Simply put, freedom of information is essential to a healthy democracy and good governance. It helps people make better sense of government decision-making and the policies and issues that matter to them.
I am especially proud of the work the IPC does day in and day out to help Ontarians exercise their access rights. In the vast majority of access appeals brought to our office, my highly dedicated and able staff successfully brings the parties to a mutually agreeable outcome through early resolution and mediation, helping save time and effort for all involved.
In April of this year, my office released the strategic priorities that will guide the IPC’s work throughout my term as commissioner. We identified where we will focus our energies to advance the key access and privacy issues that are most important to the people of Ontario, including Privacy and Transparency in a Modern Government.

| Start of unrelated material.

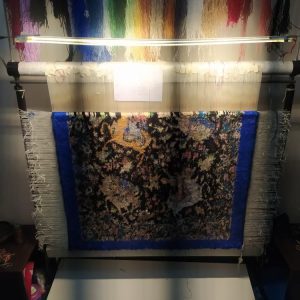 آموزش صفر تا صد قالی بافی و گلیم بافی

My office is engaging in a number of activities to advance this priority during Right to Know Week. I will be kicking off the week by participating in a commissioners’ panel at the Public Service Information Community Connection (PSICC) Right to Know Week conference on September 28 from 2:30 to 3:20 p.m. EDT. It’s free and open to the public, so I hope you can join us.
We’ll also be launching new guidance on how and when public institutions can apply the “public interest override” provision in Ontario’s access and privacy laws. This guidance describes how, and in what circumstances, organizations can override certain access exemptions and disclose a record when there is a compelling public interest to do so.
For podcast fans, this week we’ll be launching a new episode of Info Matters. In this fascinating conversation, journalist Jim Bronskill and I discuss the various ways freedom of information (FOI) has helped investigative journalists like him break some of the biggest front-page stories in Canada, shedding light on really important information Canadians need to know.
In case you missed it, our episode on de-mystifying the FOI process is another good listen if you’d like to hear about the nuts and bolts of filing access to information requests and get tips on how to get the information you need.
You can learn more about the history of Right to Know Week by visiting righttoknow.ca. You can also follow the #RTK2021 hashtag on Twitter to find out about virtual events and other activities happening across the country.
I hope you’ll join us and your fellow Canadians to mark the importance of access rights and freedom of information that go to the very core of our free and democratic society.
You have a right to know, so don’t be afraid to ask! Government institutions have a legal obligation to respond to you. We are hopeful that soon, with new digital technology, a little ingenuity, and courageous leadership, more and more information will be publicly released without you even having to ask.